> [Data shown]:
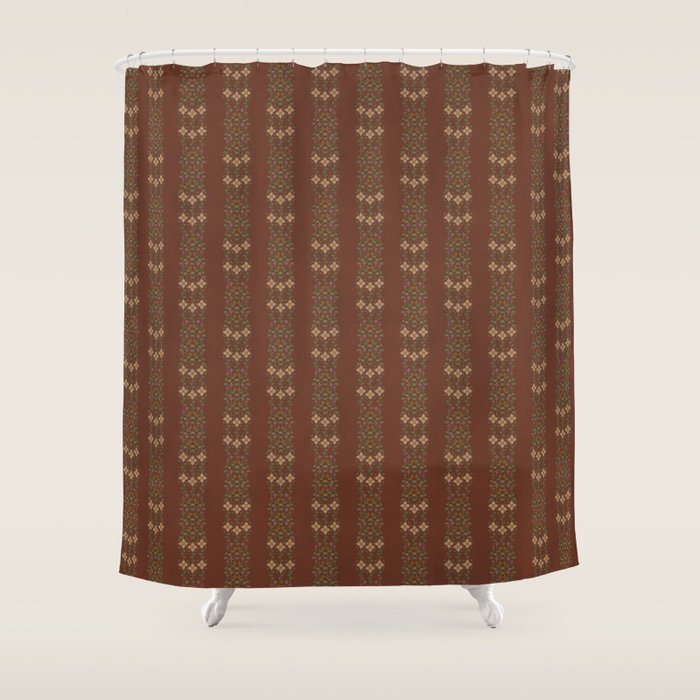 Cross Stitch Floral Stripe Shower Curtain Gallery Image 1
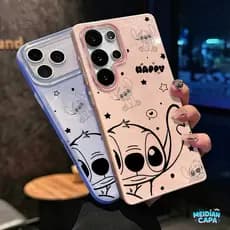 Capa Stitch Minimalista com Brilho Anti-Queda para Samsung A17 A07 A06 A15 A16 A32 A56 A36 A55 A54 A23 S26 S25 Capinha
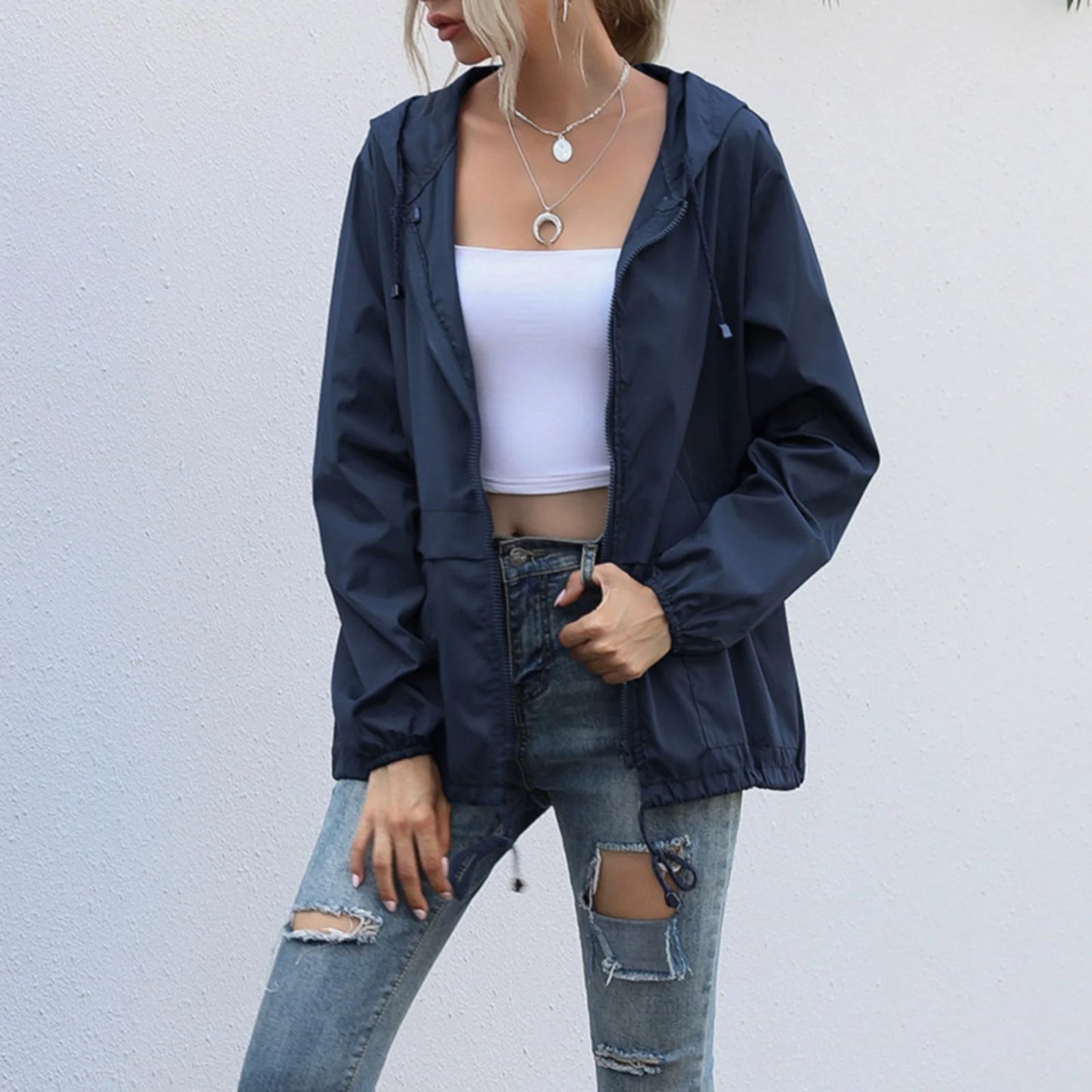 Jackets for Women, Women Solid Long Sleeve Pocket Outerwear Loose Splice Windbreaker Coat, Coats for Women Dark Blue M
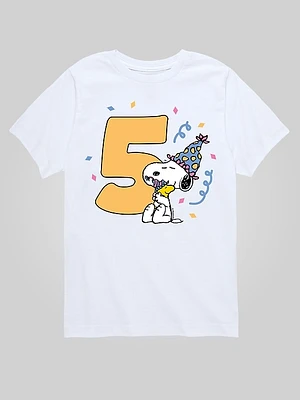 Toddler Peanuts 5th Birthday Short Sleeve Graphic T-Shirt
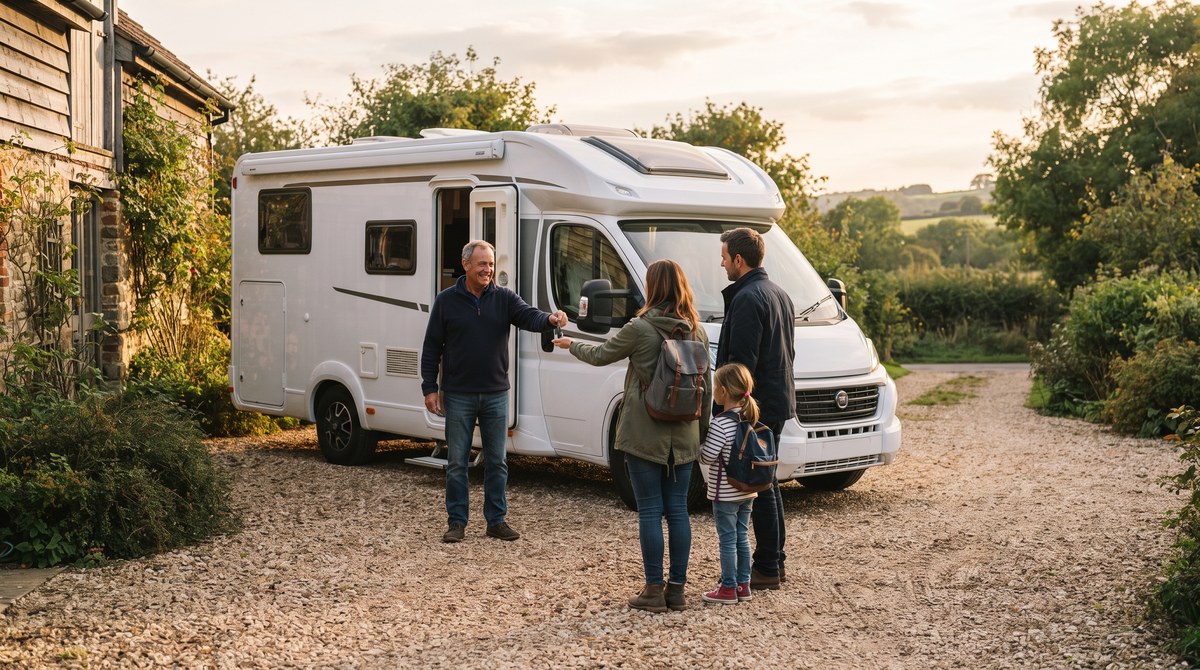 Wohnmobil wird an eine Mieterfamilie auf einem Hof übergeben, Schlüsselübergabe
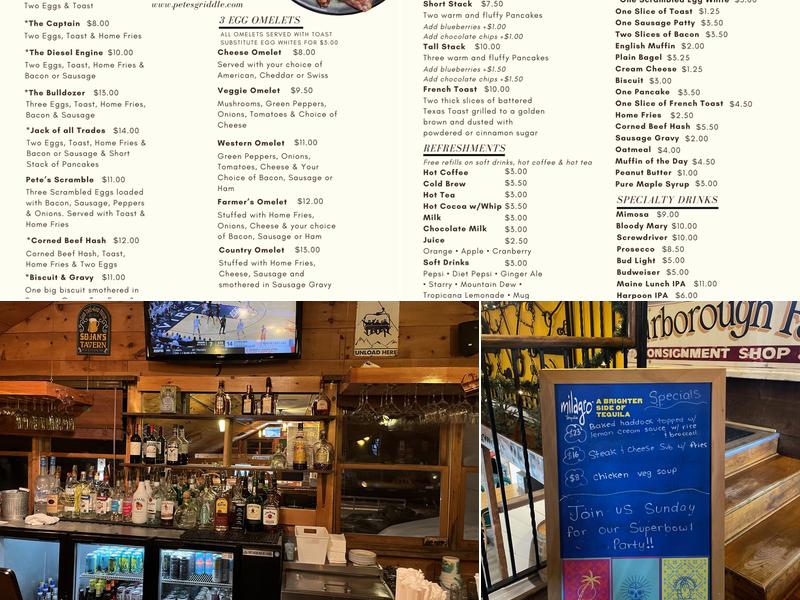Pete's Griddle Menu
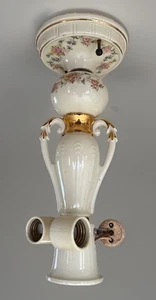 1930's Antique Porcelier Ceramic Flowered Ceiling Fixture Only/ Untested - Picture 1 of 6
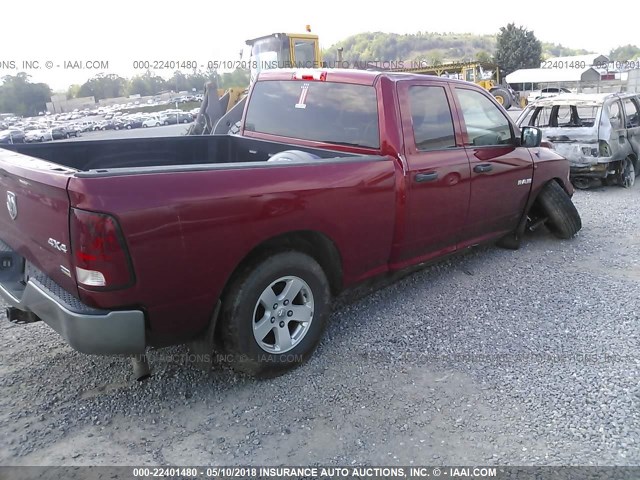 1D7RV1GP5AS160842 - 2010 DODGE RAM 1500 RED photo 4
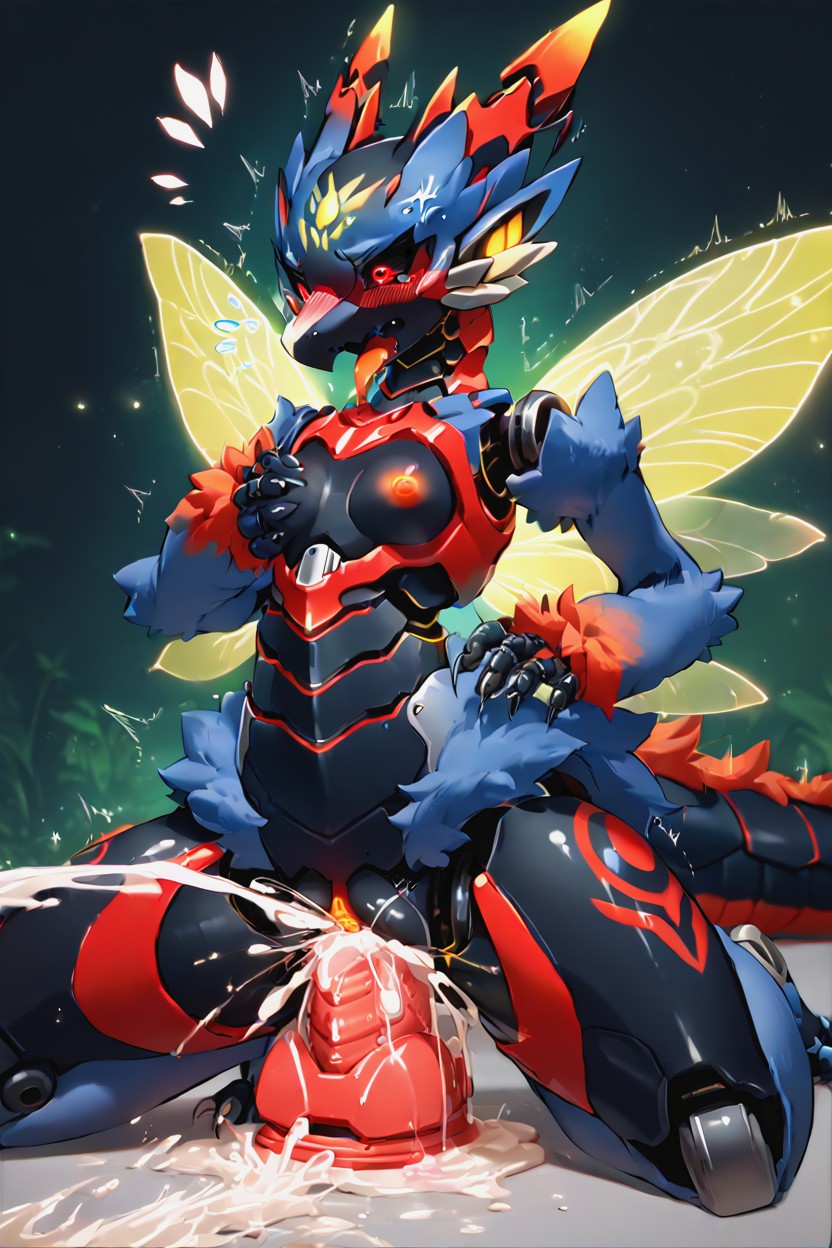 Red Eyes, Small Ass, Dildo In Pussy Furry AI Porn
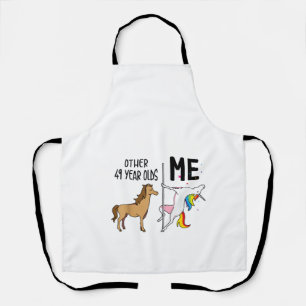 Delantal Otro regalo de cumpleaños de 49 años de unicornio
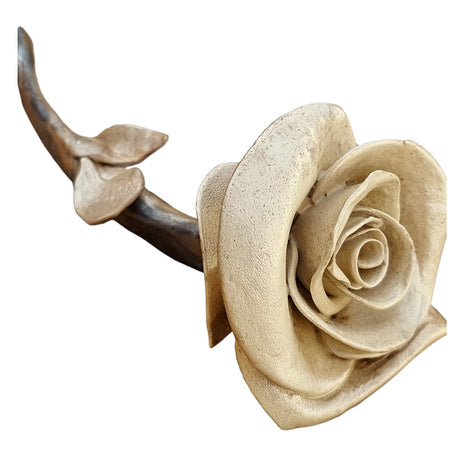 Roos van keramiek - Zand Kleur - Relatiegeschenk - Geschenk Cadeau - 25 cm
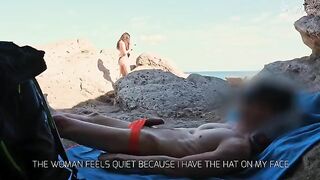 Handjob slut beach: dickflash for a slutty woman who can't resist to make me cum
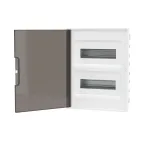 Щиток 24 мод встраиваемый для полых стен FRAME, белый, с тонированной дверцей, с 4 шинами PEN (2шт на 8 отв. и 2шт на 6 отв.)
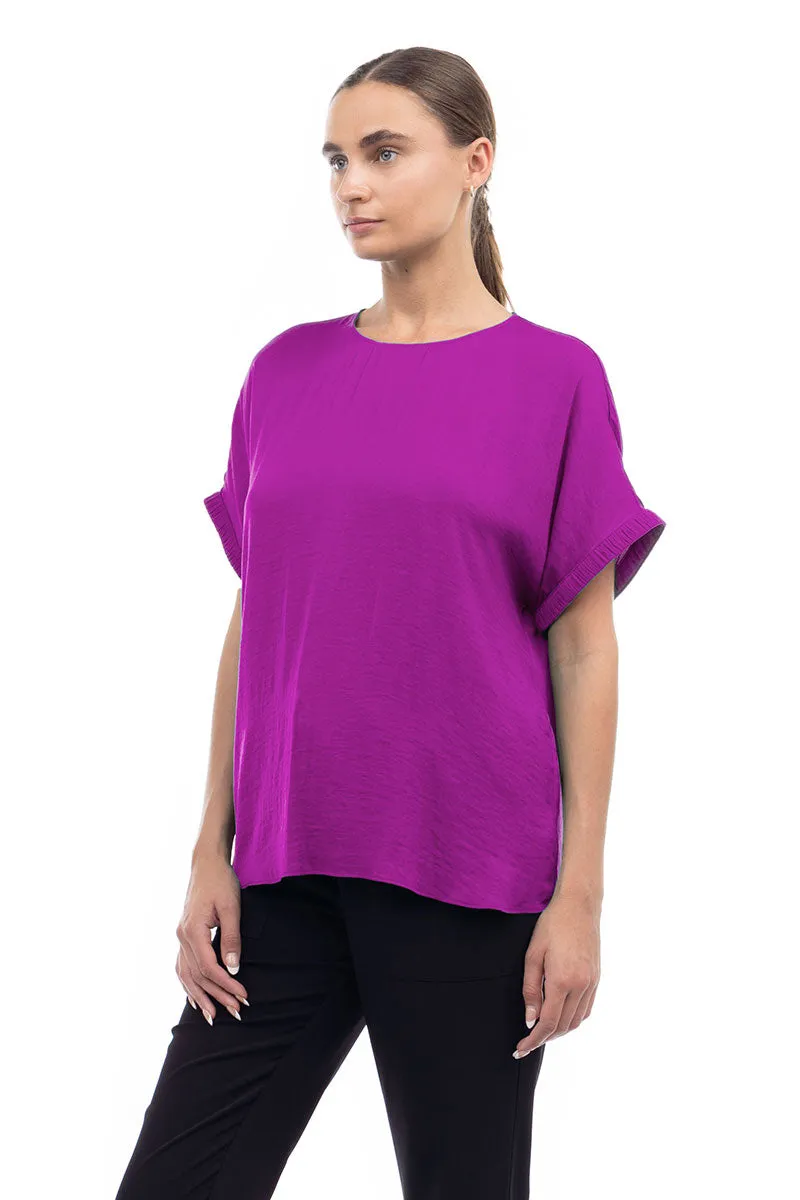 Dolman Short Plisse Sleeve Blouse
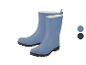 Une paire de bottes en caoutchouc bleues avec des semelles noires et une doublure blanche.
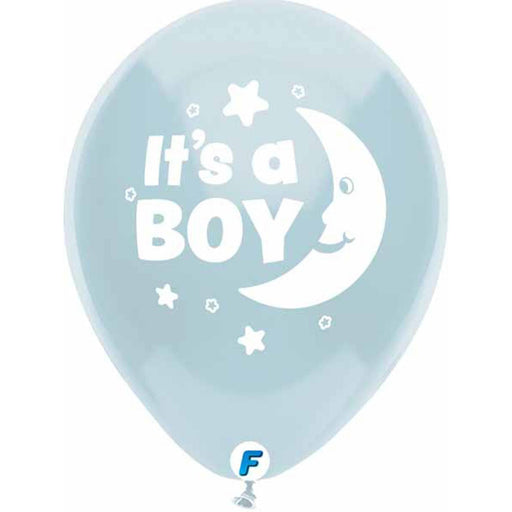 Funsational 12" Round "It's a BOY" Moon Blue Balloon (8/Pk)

> [Activity]: Repeat each of the entries above exactly, but do not carry over the pictures.

> [Written reply]:
 Cross Stitch Floral Stripe Shower Curtain Gallery Image 1
 Capa Stitch Minimalista com Brilho Anti-Queda para Samsung A17 A07 A06 A15 A16 A32 A56 A36 A55 A54 A23 S26 S25 Capinha
 Jackets for Women, Women Solid Long Sleeve Pocket Outerwear Loose Splice Windbreaker Coat, Coats for Women Dark Blue M
 Toddler Peanuts 5th Birthday Short Sleeve Graphic T-Shirt
 Wohnmobil wird an eine Mieterfamilie auf einem Hof übergeben, Schlüsselübergabe
Pete's Griddle Menu
 1930's Antique Porcelier Ceramic Flowered Ceiling Fixture Only/ Untested - Picture 1 of 6
 1D7RV1GP5AS160842 - 2010 DODGE RAM 1500 RED photo 4
 Red Eyes, Small Ass, Dildo In Pussy Furry AI Porn
 Delantal Otro regalo de cumpleaños de 49 años de unicornio
 Roos van keramiek - Zand Kleur - Relatiegeschenk - Geschenk Cadeau - 25 cm
 Handjob slut beach: dickflash for a slutty woman who can't resist to make me cum
 Щиток 24 мод встраиваемый для полых стен FRAME, белый, с тонированной дверцей, с 4 шинами PEN (2шт на 8 отв. и 2шт на 6 отв.)
 Dolman Short Plisse Sleeve Blouse
 Une paire de bottes en caoutchouc bleues avec des semelles noires et une doublure blanche.
 Funsational 12" Round "It's a BOY" Moon Blue Balloon (8/Pk)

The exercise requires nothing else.